Companies expected to be the "leaders" in capital spending increases, share buybacks, dividend increases and debt reductions with the highest cash-to-market cap ratios for 2005 are "likely" to be Devon Energy, Burlington Resources, ConocoPhillips and Occidental. Also high on the list are Anadarko Petroleum Corp., Schlumberger and Sunoco. Those most likely to pay down debt are Devon, Halliburton, ConocoPhillips, Kerr-McGee and Valero, the analysts said, while those most likely to increase spending are Occidental, Murphy, Unocal, Valero and Anadarko.
"We expect operating cash flows to be 10-15% higher in 2005 with the Integrateds and E&Ps benefiting from production growth and improved commodity price realizations, and the Oilfield Services players benefiting from higher producer spending." Cash flow for Refiners is expected to be "marginally higher" because of a flat refining margin tape.

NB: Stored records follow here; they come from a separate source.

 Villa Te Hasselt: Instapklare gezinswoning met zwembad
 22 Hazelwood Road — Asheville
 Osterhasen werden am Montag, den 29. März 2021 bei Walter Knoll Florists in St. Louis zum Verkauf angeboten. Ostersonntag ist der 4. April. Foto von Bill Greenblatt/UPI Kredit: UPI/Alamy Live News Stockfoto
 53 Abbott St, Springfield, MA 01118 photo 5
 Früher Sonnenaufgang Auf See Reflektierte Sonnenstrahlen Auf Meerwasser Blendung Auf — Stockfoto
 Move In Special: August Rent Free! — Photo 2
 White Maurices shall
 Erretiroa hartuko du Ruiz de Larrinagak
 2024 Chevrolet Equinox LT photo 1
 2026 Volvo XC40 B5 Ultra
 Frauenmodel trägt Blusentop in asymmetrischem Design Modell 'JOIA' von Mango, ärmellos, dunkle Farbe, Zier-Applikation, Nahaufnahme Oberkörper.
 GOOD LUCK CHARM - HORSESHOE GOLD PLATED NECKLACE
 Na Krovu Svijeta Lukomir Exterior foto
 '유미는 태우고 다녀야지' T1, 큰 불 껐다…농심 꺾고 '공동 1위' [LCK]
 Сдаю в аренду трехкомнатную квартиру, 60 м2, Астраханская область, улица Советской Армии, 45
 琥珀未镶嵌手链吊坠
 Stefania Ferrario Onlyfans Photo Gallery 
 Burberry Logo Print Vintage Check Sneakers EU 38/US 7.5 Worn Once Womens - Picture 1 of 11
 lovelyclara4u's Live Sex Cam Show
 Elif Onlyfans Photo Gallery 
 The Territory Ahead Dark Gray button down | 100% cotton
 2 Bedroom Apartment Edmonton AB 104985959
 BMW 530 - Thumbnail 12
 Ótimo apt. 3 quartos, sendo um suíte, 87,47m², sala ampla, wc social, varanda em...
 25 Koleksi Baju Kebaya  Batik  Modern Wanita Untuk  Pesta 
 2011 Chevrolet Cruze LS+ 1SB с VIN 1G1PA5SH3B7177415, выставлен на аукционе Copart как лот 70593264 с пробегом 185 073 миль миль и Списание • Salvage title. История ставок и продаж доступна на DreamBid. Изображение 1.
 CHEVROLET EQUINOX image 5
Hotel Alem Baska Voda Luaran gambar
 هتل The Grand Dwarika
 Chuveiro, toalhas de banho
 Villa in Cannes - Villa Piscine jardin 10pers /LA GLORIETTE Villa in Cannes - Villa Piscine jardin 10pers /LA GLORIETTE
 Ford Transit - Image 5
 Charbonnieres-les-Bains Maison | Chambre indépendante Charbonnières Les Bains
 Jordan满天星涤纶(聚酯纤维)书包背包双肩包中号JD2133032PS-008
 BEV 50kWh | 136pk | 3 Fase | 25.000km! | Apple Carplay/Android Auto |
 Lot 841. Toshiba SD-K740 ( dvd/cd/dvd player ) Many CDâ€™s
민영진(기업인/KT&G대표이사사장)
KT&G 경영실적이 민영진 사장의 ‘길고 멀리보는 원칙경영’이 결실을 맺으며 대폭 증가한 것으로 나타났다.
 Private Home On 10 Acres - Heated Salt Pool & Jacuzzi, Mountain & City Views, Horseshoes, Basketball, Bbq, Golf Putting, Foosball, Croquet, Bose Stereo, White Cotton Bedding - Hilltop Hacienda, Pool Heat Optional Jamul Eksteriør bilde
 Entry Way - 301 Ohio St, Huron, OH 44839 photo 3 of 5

Capital spending should be 10% higher for the Integrateds, said the analysts, matching service cost inflation, and 10-25% higher for the E&Ps, leading to sizable revenue growth for the Oilfield Service industry. The analysts noted that the Refiners and Oilfield Services group should exhibit only mild spending growth. Capital discipline remains in full swing throughout the industry as companies continue to spend well below cash flow levels. Further, service cost inflation of 10% and nominal spending gains of 15% or less leaves real growth closer to 5%, rather small in the grand scheme, they said.
CreditSights' baseline cash availability projections for 2005 begin with end-of-quarter 3Q2004 cash on the balance sheet and also included any other known uses or sources of cash such as asset dispositions. "We have not included known share buyback programs, scheduled dividend increases, or scheduled or unscheduled debt reduction, as the report will progress to ultimately include these items."